In general, I agree with you that CLIM has some problems with UIs that
have to have real *product* quality. However, you should consider the
few people implementing it in quite a short time.

    We have a standalone piece of the larger application we are writing which we
    can make available to show almost all of the behaviors detailed below.
    However, we have not had the time to write nice little pieces of example code
    for each of these behaviors. If you want the standalone code, please advise
    (it's less than 1200 lines of code).

Even 1200 lines of code need their time to be scanned, tested, and (if possible)
corrected.

     ----------

    1) When accept'ing a string (at least), CLIM apparently treats newlines
    differently for _writing_ and _erasing_ text, causing a string with newlines
    in it to erase "too high" and blow away previous lines, as well as drawing its
    _last_ line on top of whatever was there before (because it's underlying erase
    erased the line before it)

    For example:

	    Line 1: part of a string
	    Line 2: continuation of the string
	    Line 3: more stuff in the string
	    Line 4: current extent of string

    If my cursor is at the end of Line 3 and I <ctrl>-p to Line 2 and type any
    character, Line 2 is whited-out above Line 3 (i.e. all but the final "ng" of
    Line 2) and as new text is typed in this display behaviour doesn't change,
    except for the characters in Line 2 that will now appear after the end of Line
    3 (i.e. if you are adding characters to the line, the line appearing as it
    should begins to be displayed after (and above) the end of Line 3).

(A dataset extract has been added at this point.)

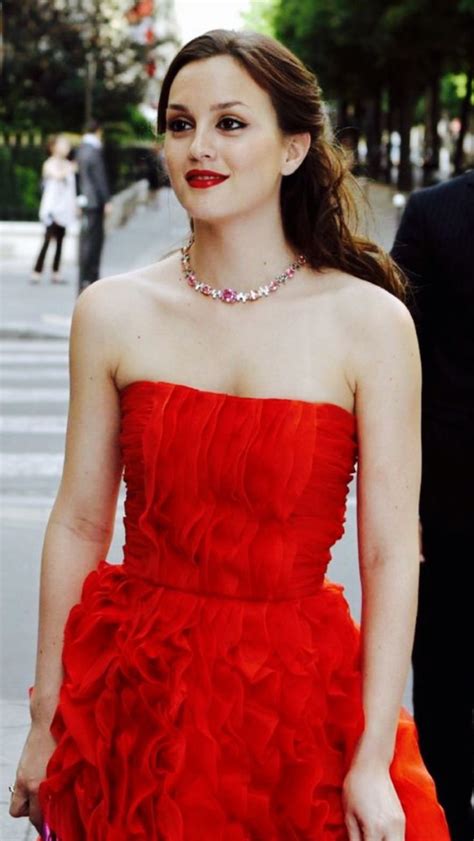 Blair Waldorf Style — Beautiful Dress Beautiful Necklace 😍 Vestidos
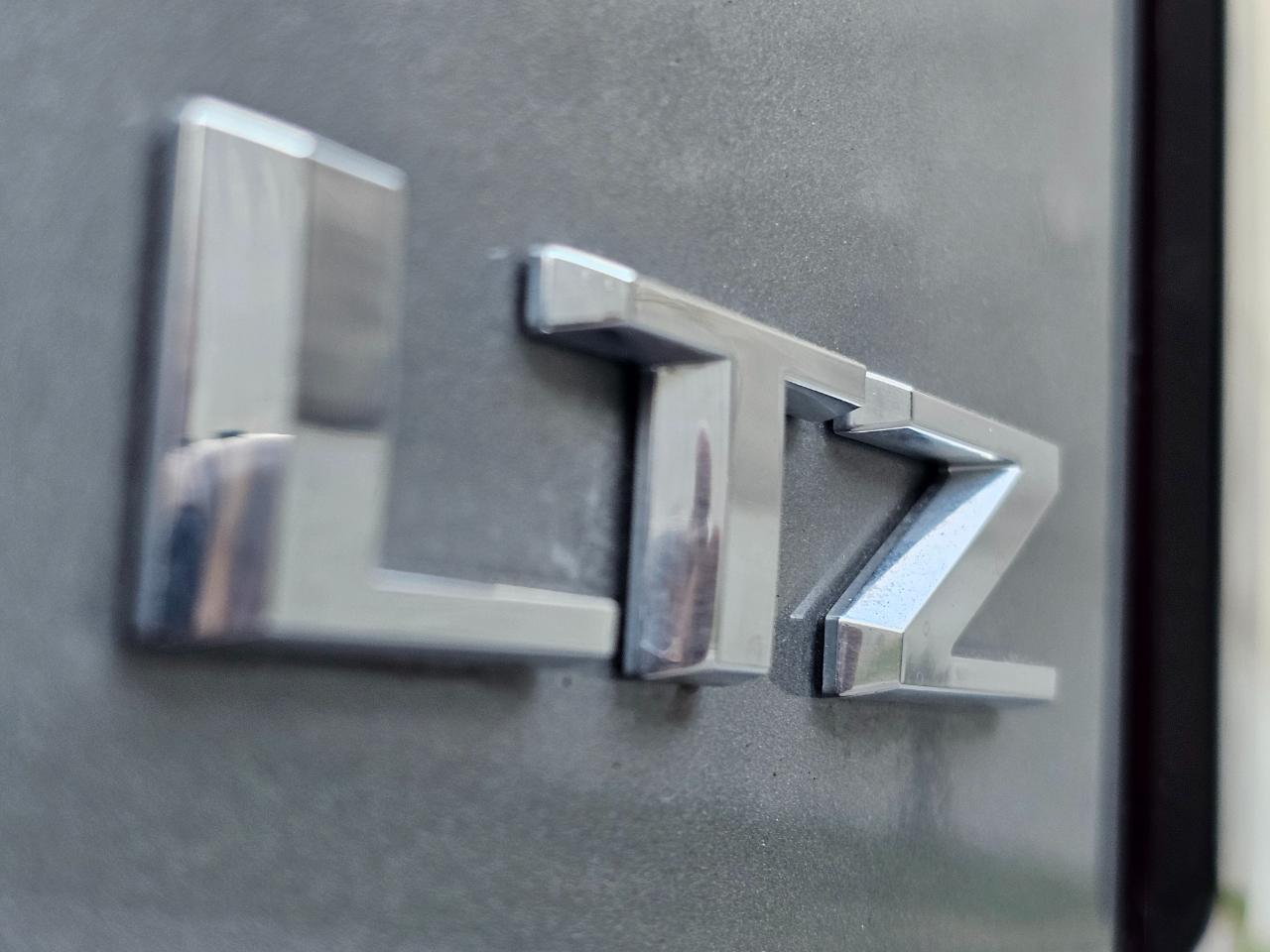 Chevrolet Silverado 1500 4WD Crew Cab 147" LTZ 2024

    The white-out is (we think) when a piece of text is changed you must erase the
    old  version and draw the new version. Drawing the new version is correct. But
    erasing the old-version occurs a line to high. That means text before the
    area that is being redrawn is erased (as described above) and the text at the
    bottom of the string being redrawn does not get properly erased, and if
    there's any change to this last piece of text, you get muliple images
    overlayed.

    Also, if you type two returns (or more) in a row, the first descends the
    proper amount, but each additional return only moves the cursor down by a
    pixel. Under certain conditions, when the whole string has to be redrawn, then
    white-out is still displayed incorrectly, but the mulitiple carriage returns
    are displayed correctly, causing the appearence of the string to change.

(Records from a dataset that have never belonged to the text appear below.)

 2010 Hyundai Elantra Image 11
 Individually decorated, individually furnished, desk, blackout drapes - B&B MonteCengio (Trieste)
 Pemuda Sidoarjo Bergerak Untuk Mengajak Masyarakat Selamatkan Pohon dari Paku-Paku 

    Tied in with this problem is the scrolling problem (see below).

    It doesn't seem outrageous that this should work, seeing as DW is able to do
    it just fine - i.e. (dw:accept 'string) has none of these problems.

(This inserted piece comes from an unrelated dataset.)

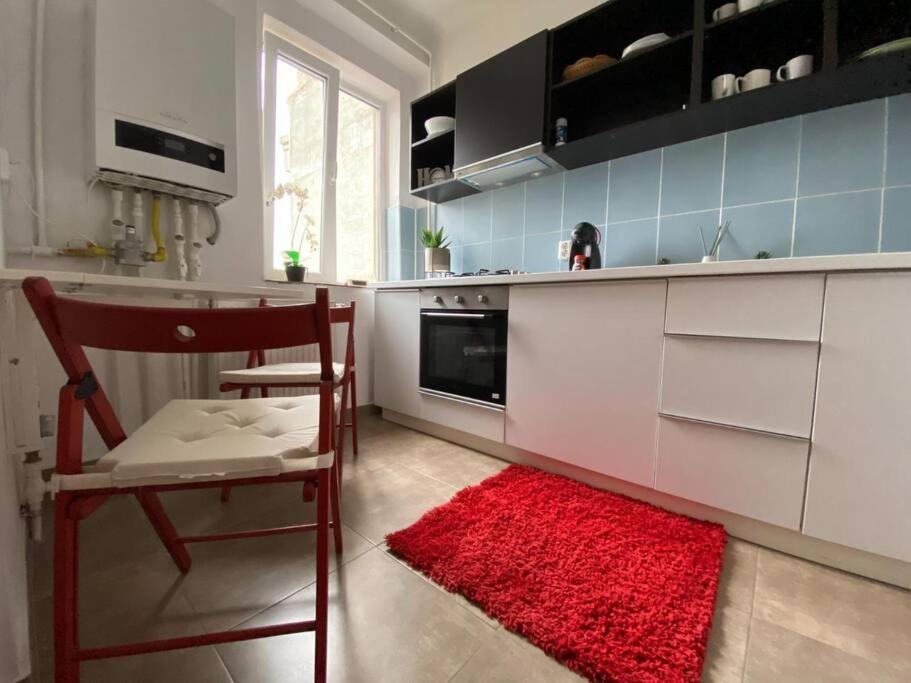 Kara'S Apartment Бухарест Экстерьер фото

    2) CLIM accept on strings permits the user to write enough string to scroll
    off the bottom end and allows the user to go _down_ off the end of the screen
    with cursor keys, but will not scroll back _up_ when the user goes back up the
    string. This is not to say I can't move the cursor to the logical beginning of
    the string, but that CLIM doesn't show it to me. So, should I reposition the
    cursor to the beginning of the string, the screen doesn't reflect that move,
    but if I type a character, the whole string is redisplayed (from the top to the
    bottom) leaving me looking at the bottom of the string and my cursor one
    character from the beginning of the string - i.e. the display jumps around a
    ton, but always leaves me looking at the end of the string, not at what I'm
    typing.

    3) CLIM has this funkee scrolling problem where if things scroll past the end
    and it then has to scroll back during the display of the same thing, parts of
    that thing get trashed. Example: if CLIM is presenting a single object and
    it goes beyond the right window margin, it scrolls horizontally to show the
    end of the object. BUT, if during the display the cursor goes back to the left
    margin, then CLIM scrolls back to show that part of the object. So far, so
    good. However, the stuff that was scrolled off of the screen to the left
    doesn't get redisplayed, and instead you have a blank white column there.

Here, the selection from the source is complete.